AULD LANG SYNE.  Teacher says, every time a bell rings, Cal gets his wings.

Good night, ingrates.

160 thoughts on “Liveblog: It’s A Wonderful Life

  1. you shroom stuff will probably have the same overall flavor, but instead of the brandy slush sharp crystals, they’ll all be smooth edges, but still flaky. and they disolve / explode in your mouth with booze goodness and the center will sometimes remain slight harder and you can gently crush it with your teeth and learn the secrets of the universe as told by scotch

  2. i’m off to buy a fresh bottle… i’ve been on american whiskey last couple weeks… couldn’t help create a recipe. i do know that i would make a slushy drink, and then pass out and it would freeze and i would put that in the freezer… so if you saved any of yours, try that. i also normally use very large very rigid plastic cups with a smooth completely flat completely circular lining. it has also happened in pint and rocks sized round glasses as well. i think letting it sit out and let everything settle and get to a uniform temperature is key. i think i would always swirl it around a little bit before i put it in the freezer… with the big cups i think i would usually stir it up too… maybe the catalyst is the swirling motion.

  3. (!*#&%)*!&#%)( forgot to buy scotch#^!#

    hebrew nationals were on sale and i got too excited)(!#&*^)(!#&^

    oh well, still have whiskey with an E. but not E.

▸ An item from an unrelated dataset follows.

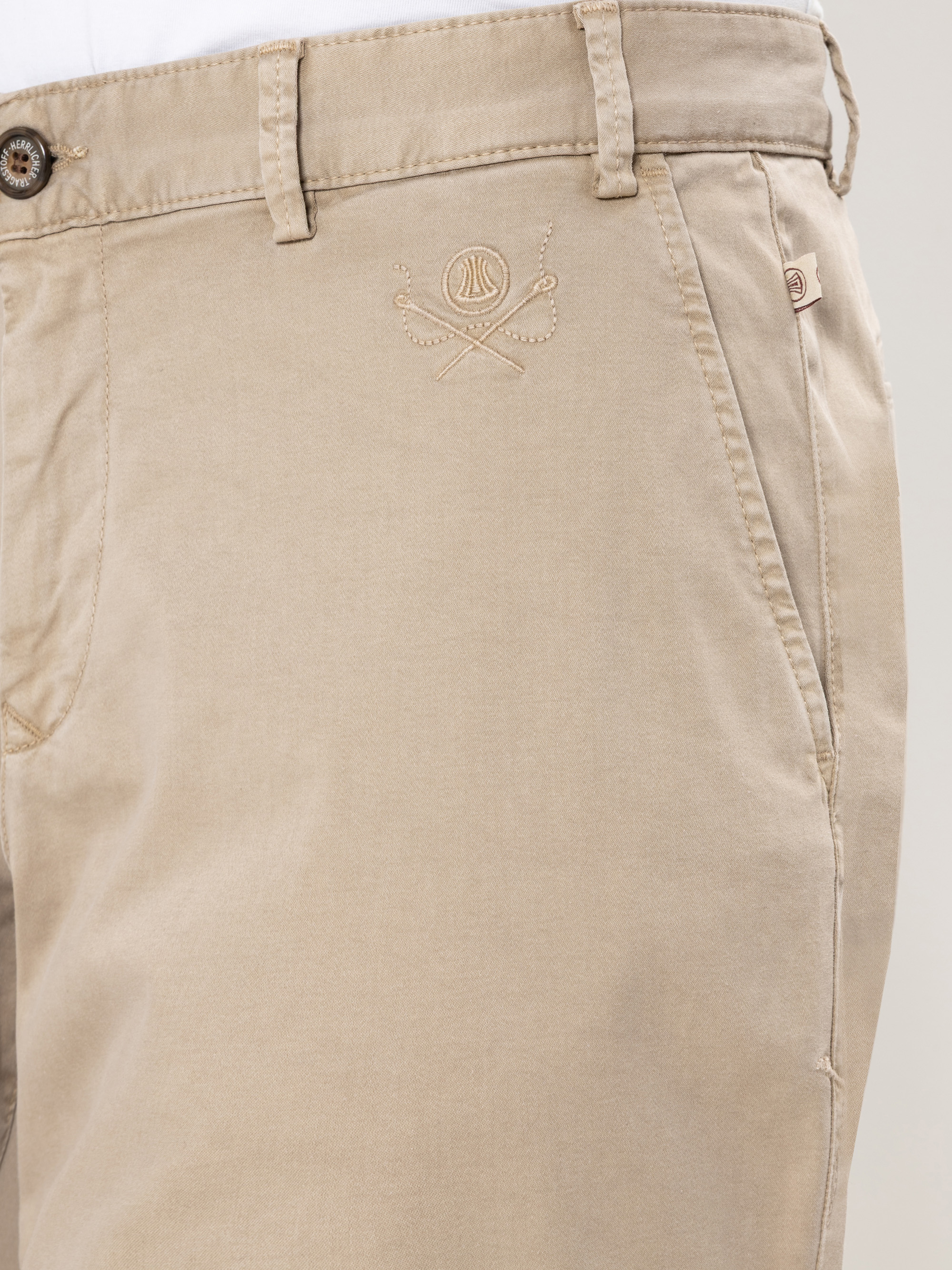 Modell Neuer Artikel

  4. If you go with whiskey, try George Dickle. I hear interesting things. This is from a Merle Haggard interview from the Onion:

    Well, whiskey, I really believed in what I was selling. I really… I think George Dickel is absolutely the best Tennessee mash whiskey. It’s my understanding that Jack Daniel’s was an attempt to try to take the recipe of George Dickel to a commercial state of reproducing it. Whereas they couldn’t do that with George Dickel, because in order to make it the way they make it, they would have had to repeat too many different formulas. It would have been impossible. They did certain things at certain temperatures in a certain kind of water. So I went down there and looked at their distilleries and saw what they were doing, saw the difference between that and Jack Daniel’s, and I couldn’t believe it. You take George Dickel and you pour it over ice and hold it up to the light, and it won’t separate. But if you take Jack Daniel’s and do that, hold it up to the light, you’ll notice that the corn oil starts separating from the whiskey, because it hasn’t been married at the correct temperature. When you go down and have this education thrown upon you, and then you drink it—everybody got drunk when we was taking pictures. It was about 20 girls and about 20 guys, and we’re all down in this creek drunk with two fists of George Dickel apiece, and we all stayed over and had breakfast together, and not a one of us had a hangover.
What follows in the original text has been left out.